Caption-style text data
● ● ● ●

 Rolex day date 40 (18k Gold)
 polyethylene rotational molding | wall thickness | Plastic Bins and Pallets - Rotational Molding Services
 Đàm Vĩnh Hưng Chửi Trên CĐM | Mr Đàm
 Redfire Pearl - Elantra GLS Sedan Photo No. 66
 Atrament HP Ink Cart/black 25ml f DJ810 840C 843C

● ● ● ●

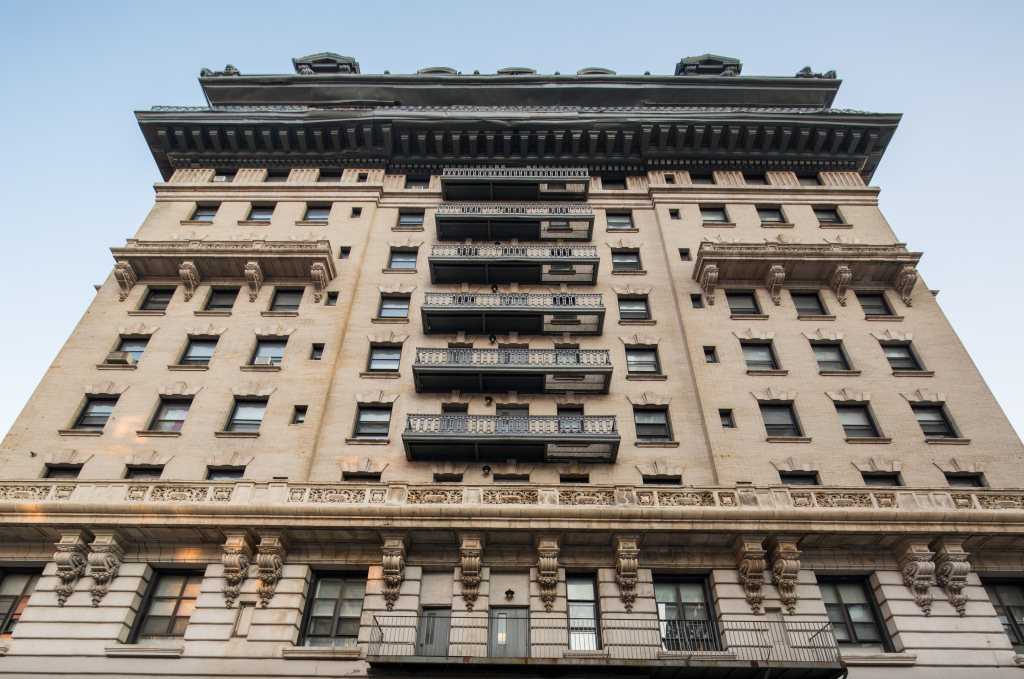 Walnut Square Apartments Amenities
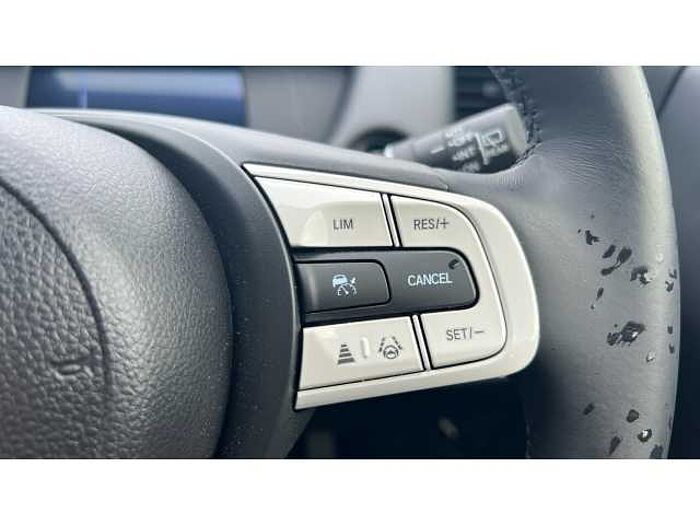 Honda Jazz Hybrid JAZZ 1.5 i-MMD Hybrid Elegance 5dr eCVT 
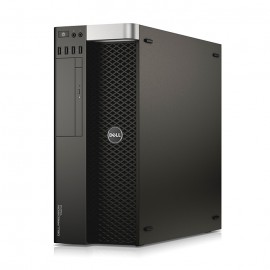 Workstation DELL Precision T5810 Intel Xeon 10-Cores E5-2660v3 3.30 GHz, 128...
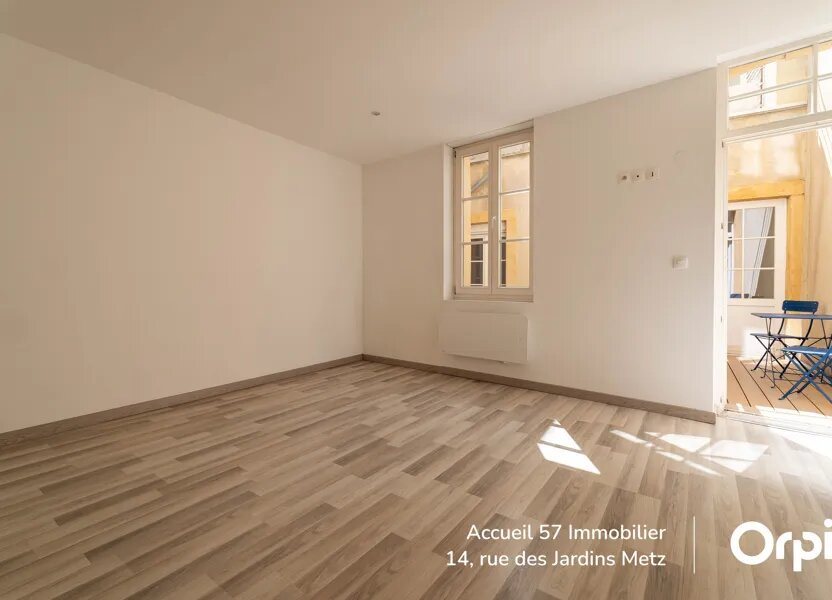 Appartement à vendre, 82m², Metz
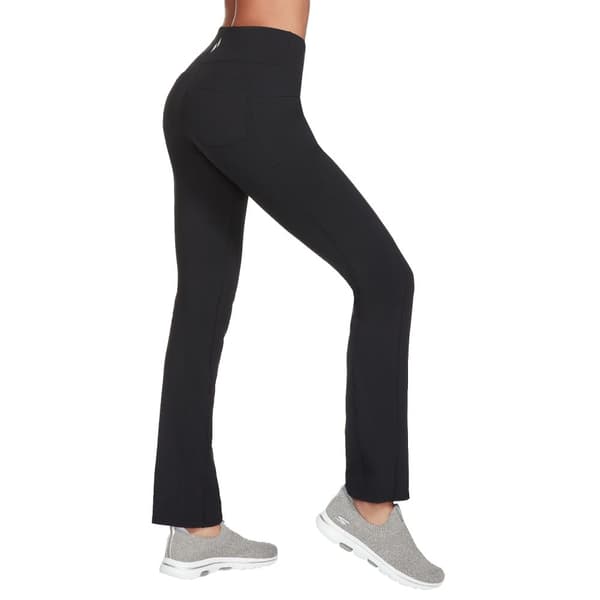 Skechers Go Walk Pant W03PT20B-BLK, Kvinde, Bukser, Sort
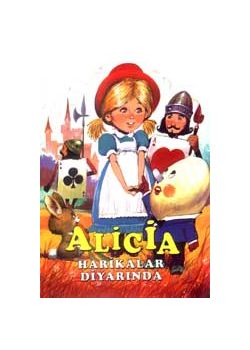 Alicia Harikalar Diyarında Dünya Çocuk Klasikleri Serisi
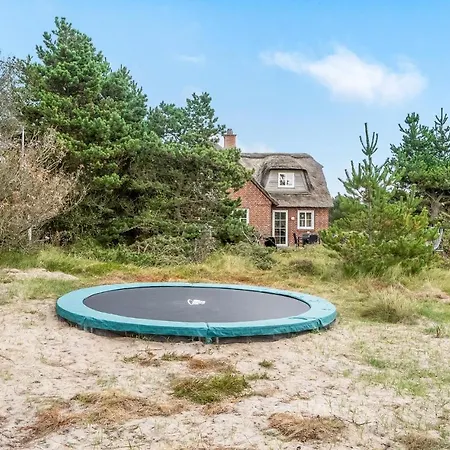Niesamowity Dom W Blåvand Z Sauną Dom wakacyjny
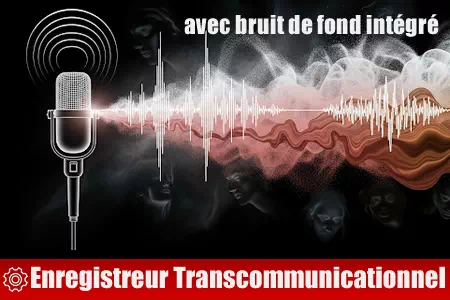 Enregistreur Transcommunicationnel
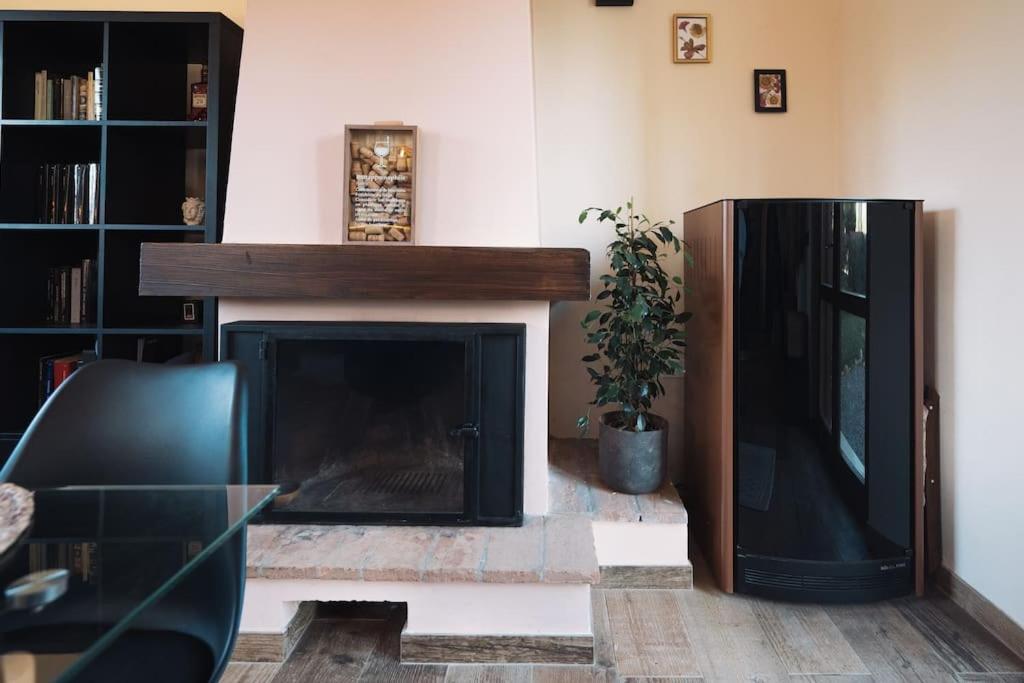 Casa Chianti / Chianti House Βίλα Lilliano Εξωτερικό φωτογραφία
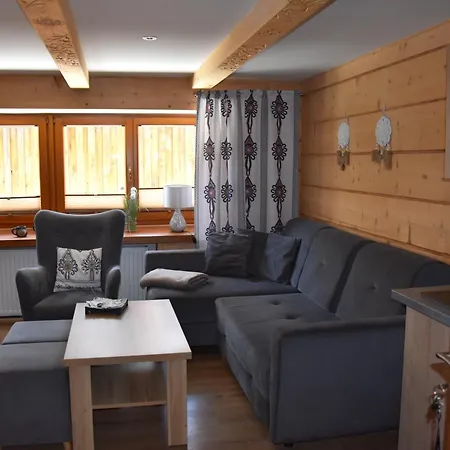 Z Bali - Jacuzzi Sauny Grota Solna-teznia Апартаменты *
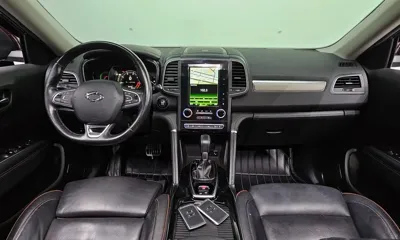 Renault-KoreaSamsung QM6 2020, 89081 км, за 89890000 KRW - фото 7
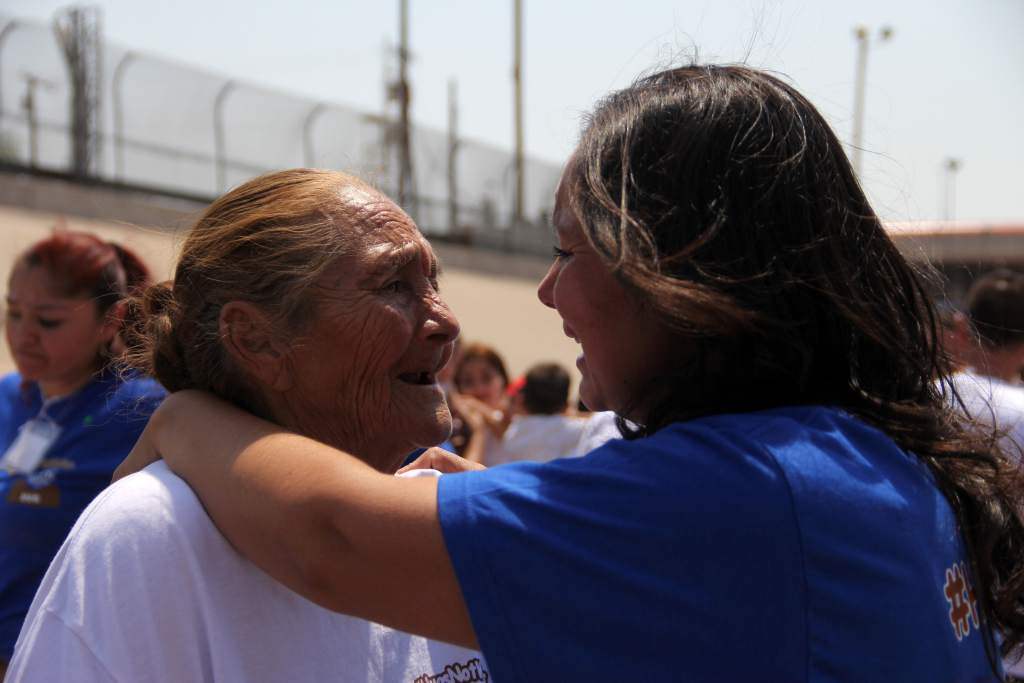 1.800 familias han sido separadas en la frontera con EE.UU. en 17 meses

● ● ● ●

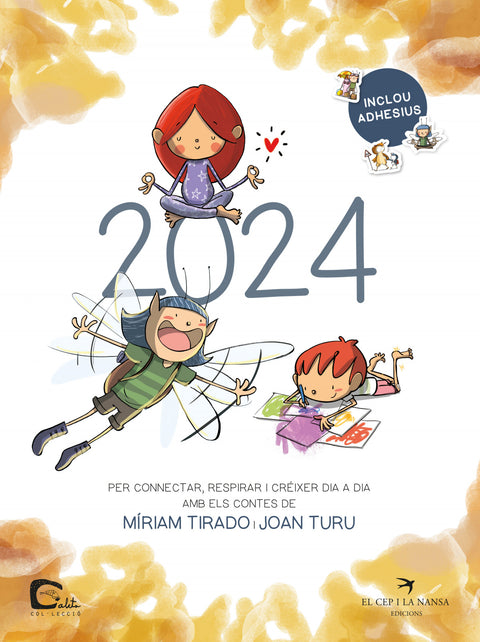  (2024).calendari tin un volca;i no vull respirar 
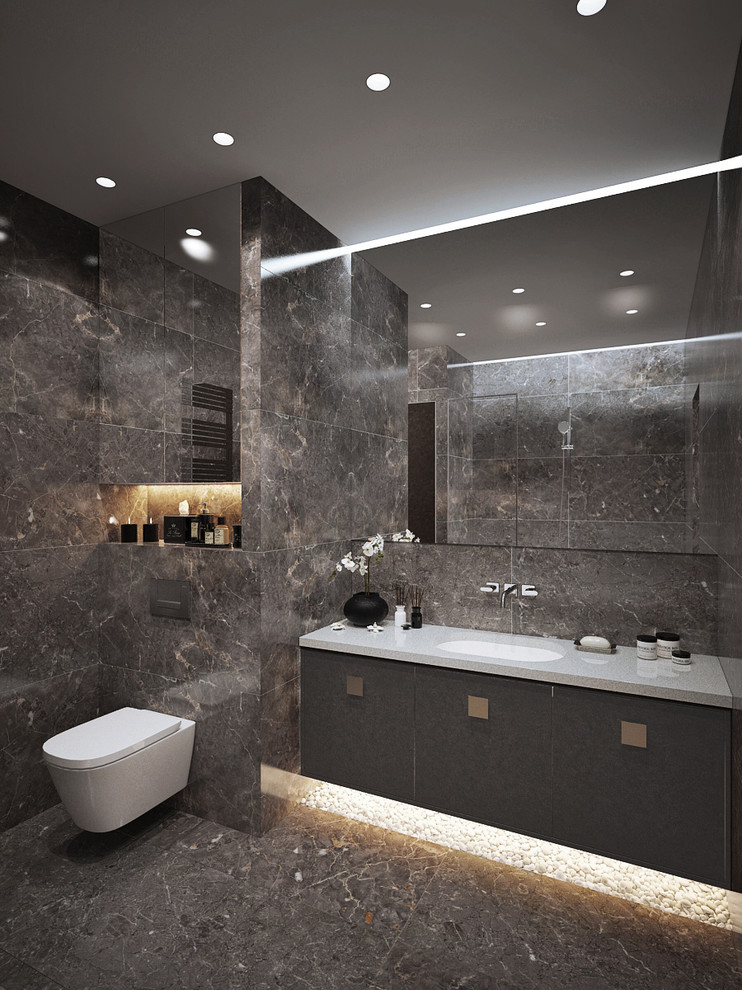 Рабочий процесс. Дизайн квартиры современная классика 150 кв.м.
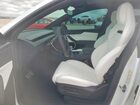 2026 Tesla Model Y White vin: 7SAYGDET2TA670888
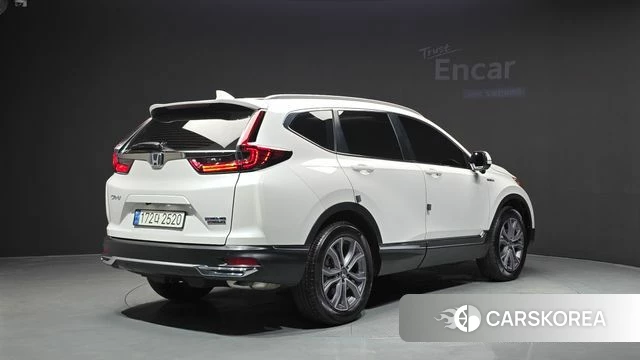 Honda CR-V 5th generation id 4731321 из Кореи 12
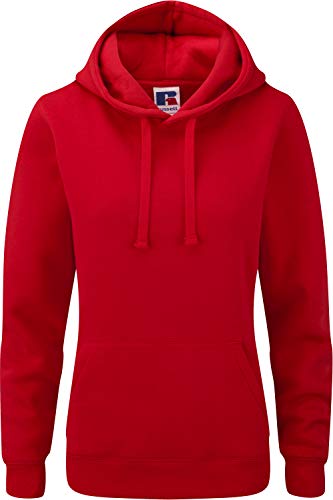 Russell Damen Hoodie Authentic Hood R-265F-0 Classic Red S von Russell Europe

● ● ● ●

Exercise description – Look above for the line containing "Rolex day date 40 (18k Gold)". Output from there through the line containing "Atrament HP Ink", exactly and inclusively.

Response to the exercise –
 Rolex day date 40 (18k Gold)
 polyethylene rotational molding | wall thickness | Plastic Bins and Pallets - Rotational Molding Services
 Đàm Vĩnh Hưng Chửi Trên CĐM | Mr Đàm
 Redfire Pearl - Elantra GLS Sedan Photo No. 66
 Atrament HP Ink Cart/black 25ml f DJ810 840C 843C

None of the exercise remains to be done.